Es bedarf keiner langen Nachweise, daß Marcuse mit den zuletzt aufgezählten Zielen den realistischen Ausgangspunkt seiner utopischen Soziologie verlassen hat. Marcuse verschweigt, wie diese arkadische Welt des goldenen Zeitalters, von dem auch manche Helden Dostojewskis (Stawrogin in den „Dämonen“, Wersiloff im „Jüngling“ und der „lächerliche Mensch“ im „Tagebuch eines Schriftstellers“) geträumt haben, auf der Grundlage der technisch-industriellen Errungenschaften realisiert werden soll.

Utopie und Revolution

Parallelen zu Marcuses Vision von der Befriedung der Natur und dem Tod des Todes sind nicht bei Marx, sondern bei Charles Fourier zu finden. [43] Nicht die Internationale, sondern die Gesänge der Fourier’schen Phalangen tönen uns aus Marcuses gewagtesten Antizipationen entgegen, wie auch seine Verbindung von Vernunft, Eros und Politik, von Rationalismus und Hedonismus, von Dialektik und Lustprinzip, von Phantasie und Konstruktion an den utopischen Sozialismus gemahnt.

Während sich in der Sowjetunion nach einer kurzen Ära der Libertinage die puritanisch-asketischen Moralauffassungen des Frühkapitalismus reproduziert haben, erinnert der eigenwillige deutsch-amerikanische Denker daran, daß Erotik und Revolution, Sozialismus und Emanzipation des Fleisches, Bett und Barrikade ein genuin linkes Motiv bilden. [44]

Es wäre leicht, gegen Marcuse, der den Weg von der „Kritik der politischen Ökonomie“ zurück zu den Idyllen des „utopischen Sozialismus“ und weiter noch bis zum Mythos beschritten hat, den Vorwurf zu erheben, er „säkularisiere“ eschatologische Verheißungen. Marcuse würde wohl diesen Einwand akzeptieren, jedoch die Gegenfrage stellen, ob es nicht denkbar wäre, daß Mythos, Religion, Eschatologie der mystifizierte Ausdruck realer („säkularer“) Probleme sind, die unter den gegebenen historischen Bedingungen einer rationalen Lösung, theoretisch und praktisch, immer zugänglicher werden.

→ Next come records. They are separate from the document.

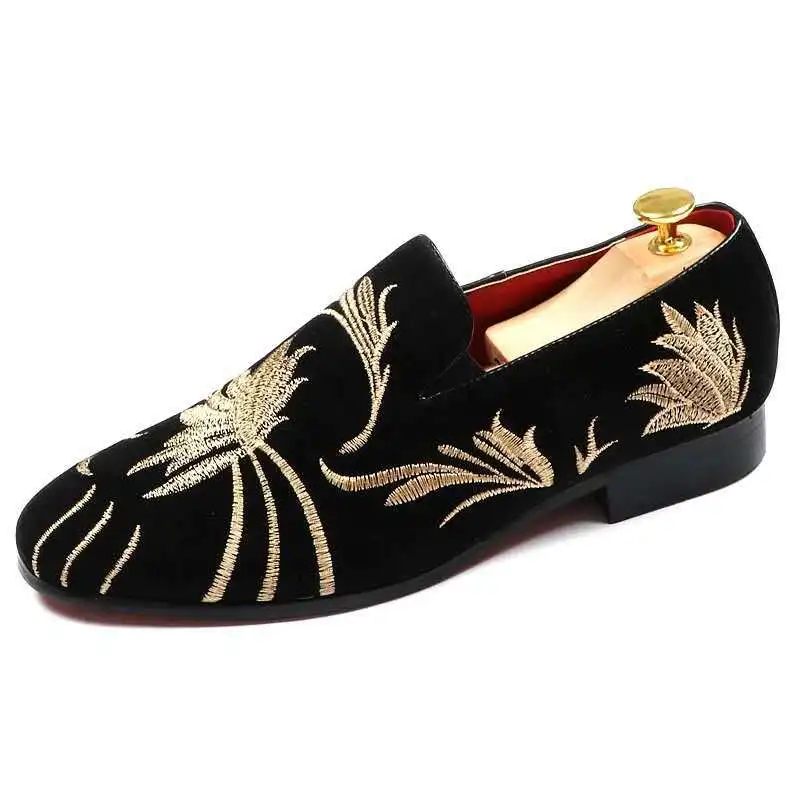 

Man Breathable Stitching Style Casual Shoes Adults Fashion Lazy Loafers Men Driving Slip-On Doug Shoes Plus Size 38-48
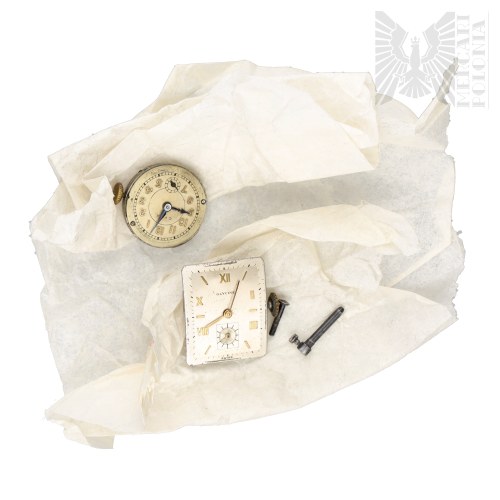 Cyma Glycine, Swiss, Dwa Wkłady Mechanizmy Zegarków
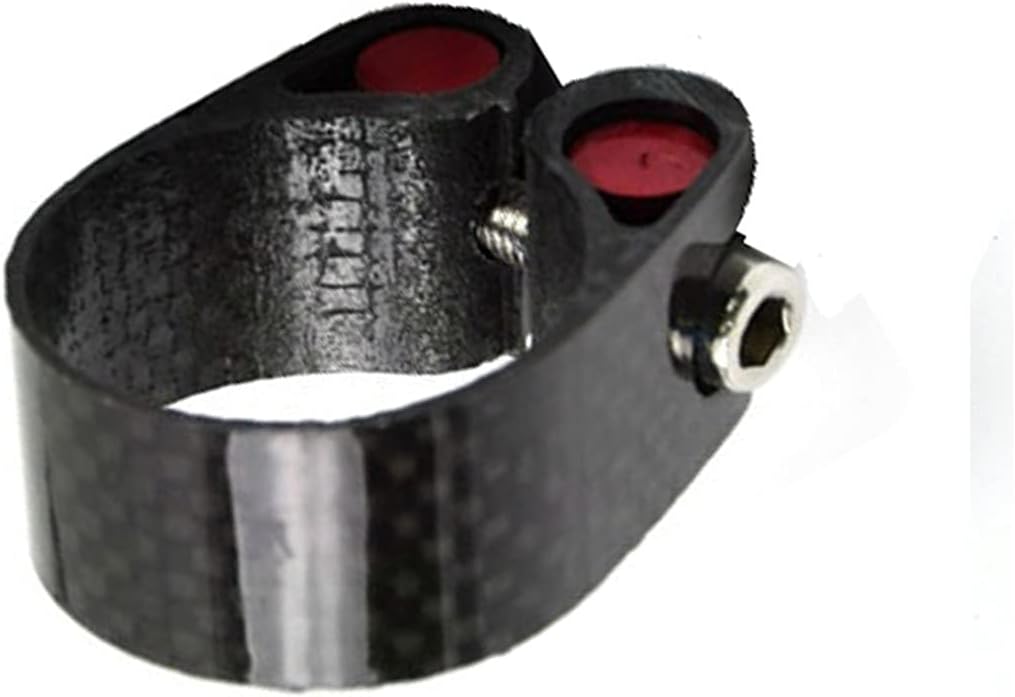 Fahrrad Sattelstützenklemme Edelstahl 7x7mm - 4er Set Für Sicheren Sattelhalt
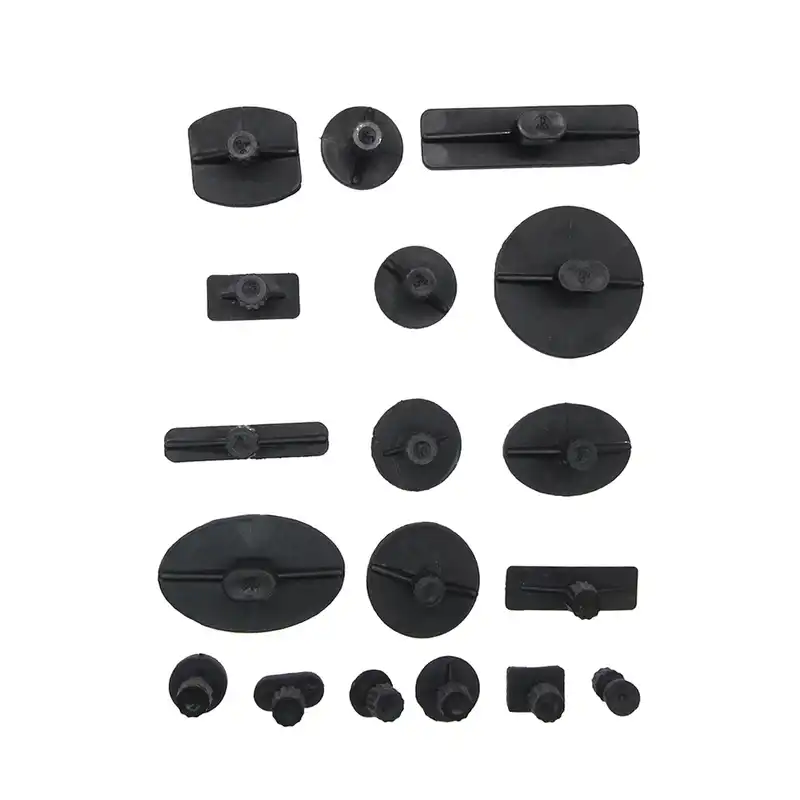 سری تگرگ کشی صافکاری مدل SF18 بسته 18 عددی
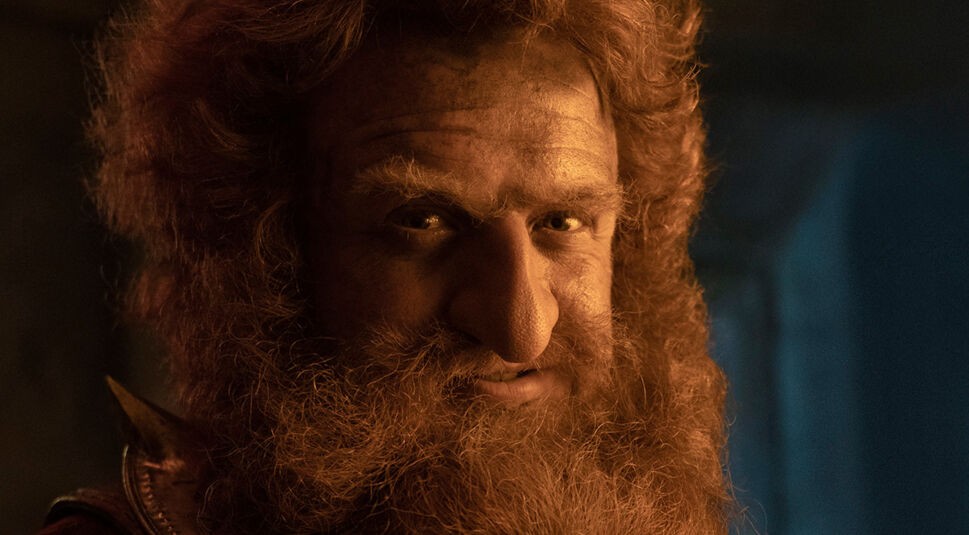 Peter Mullan als König Durin III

Soweit dies — wie im Falle der Besiegung des Todes — (noch) nicht möglich ist, käme den von Marcuse aufgegriffenen Überlieferungen die Funktion des Sorel’schen Mythos zu, wobei er immerhin geltend machen könnte, was einmal Thomas Mann gegenüber Karl Kerényi gefordert hat: „Man muß dem intellektuellen Faschismus den Mythos wegnehmen und ihn ins Humane umfunktionieren.“ [44a]

Schwerer wiegt dagegen der Einwand, ob nicht ein „negatives Denken“, das so anspruchsvolle Ziele wie die Aufhebung der Zeit und des Todes intendiert, von der Macht des Bestehenden ebenso leicht integriert werden kann wie die einst avantgardistische Kunst und die Religion; wogegen der prosaischere Positivismus nach wie vor akademisch weniger akzeptiert wird als etwa die Dialektik aller Spielarten.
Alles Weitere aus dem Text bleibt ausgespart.